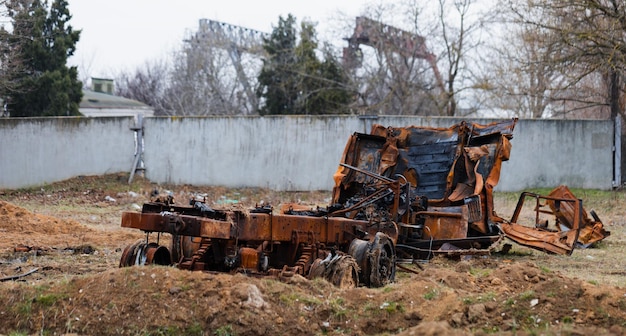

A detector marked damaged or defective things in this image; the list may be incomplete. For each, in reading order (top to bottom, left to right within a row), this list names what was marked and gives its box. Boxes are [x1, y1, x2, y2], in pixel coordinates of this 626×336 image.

burnt metal wreckage [119, 119, 608, 288]
destroyed military vehicle [119, 119, 608, 288]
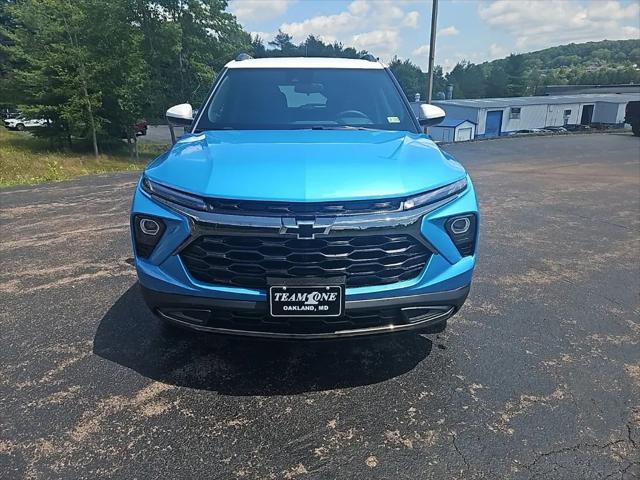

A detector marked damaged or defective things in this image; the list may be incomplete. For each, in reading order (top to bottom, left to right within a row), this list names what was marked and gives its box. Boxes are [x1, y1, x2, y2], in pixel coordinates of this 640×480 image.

cracked asphalt [0, 132, 636, 480]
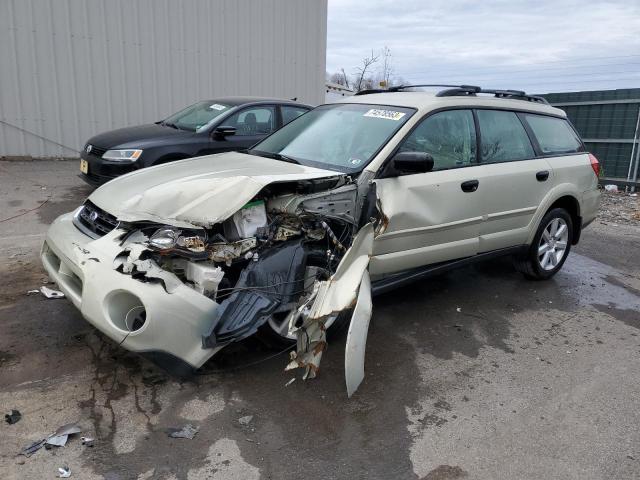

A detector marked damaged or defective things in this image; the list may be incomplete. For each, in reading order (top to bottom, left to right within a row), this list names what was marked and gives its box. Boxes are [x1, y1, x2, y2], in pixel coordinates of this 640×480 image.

damaged front bumper [40, 212, 225, 374]
broken headlight [148, 227, 205, 253]
crumpled hood [90, 154, 342, 229]
crashed subaru legacy [41, 85, 600, 394]
torn fender [286, 223, 376, 392]
torn fender [348, 270, 372, 398]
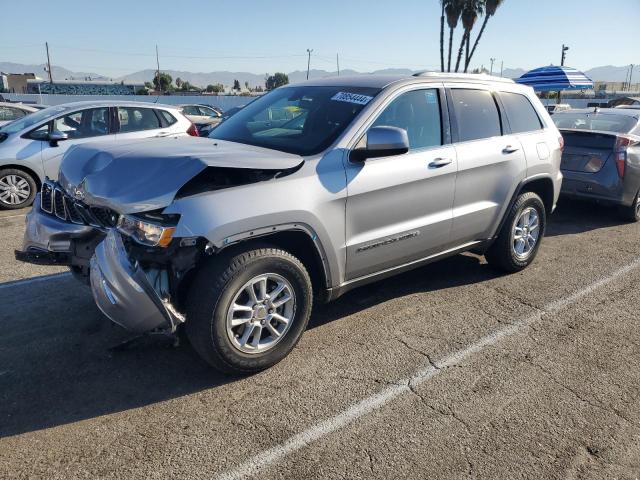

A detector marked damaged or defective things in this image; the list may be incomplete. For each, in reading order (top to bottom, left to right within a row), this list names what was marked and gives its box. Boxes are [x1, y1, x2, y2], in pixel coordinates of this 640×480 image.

crushed front bumper [88, 230, 182, 334]
vehicle damage [15, 137, 304, 334]
damaged jeep grand cherokee [17, 75, 564, 376]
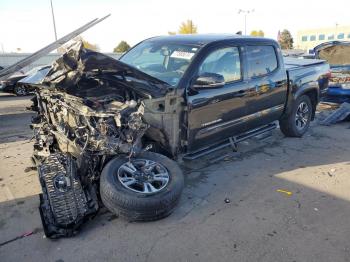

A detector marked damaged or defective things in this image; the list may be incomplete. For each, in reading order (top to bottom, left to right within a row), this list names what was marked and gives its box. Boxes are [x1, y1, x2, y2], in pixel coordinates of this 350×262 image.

================================

EXERCISE DESCRIPTION:
The expected result is the data above in exact form, free of pictures.

ANSWER TO THIS EXERCISE:
A detector marked damaged or defective things in this image; the list may be incomplete. For each, in reading order (top to bottom, left to right within a row), this list names what was marked and gives its box. Boxes are [x1, y1, x2, y2], in pixel coordinates of this 626×336 image.

burnt metal wreckage [119, 119, 608, 288]
destroyed military vehicle [119, 119, 608, 288]

A detector marked damaged or defective things in this image; the list may be incomplete. For each, in reading order (top to bottom, left to right within a row), this list names what was marked and gives its box. Boxes are [x1, y1, x2, y2], in pixel coordinates of this 640×480 image.

cracked asphalt [0, 132, 636, 480]

A detector marked damaged or defective things in this image; the list may be incomplete. For each, in reading order (top to bottom, left to right within a row), this list names what was marked and gives its box. Boxes are [x1, y1, x2, y2], in pixel coordinates of this 640×480 image.

damaged front bumper [40, 212, 225, 374]
broken headlight [148, 227, 205, 253]
crumpled hood [90, 154, 342, 229]
crashed subaru legacy [41, 85, 600, 394]
torn fender [286, 223, 376, 392]
torn fender [348, 270, 372, 398]

A detector marked damaged or defective things in this image; the list may be incomplete. For each, in reading order (top to bottom, left to right within a row), this list names what was marked and gives its box. Boxes are [x1, y1, x2, y2], in pixel coordinates of this 640×480 image.

crushed front bumper [88, 230, 182, 334]
vehicle damage [15, 137, 304, 334]
damaged jeep grand cherokee [17, 75, 564, 376]

A detector marked damaged or defective things in this image; the list may be incomplete. For each, in reading order (top to bottom, left to right within a row), this list names what was marked and gives its box. Boxes are [x1, y1, x2, y2], in pixel coordinates of this 350×262 image.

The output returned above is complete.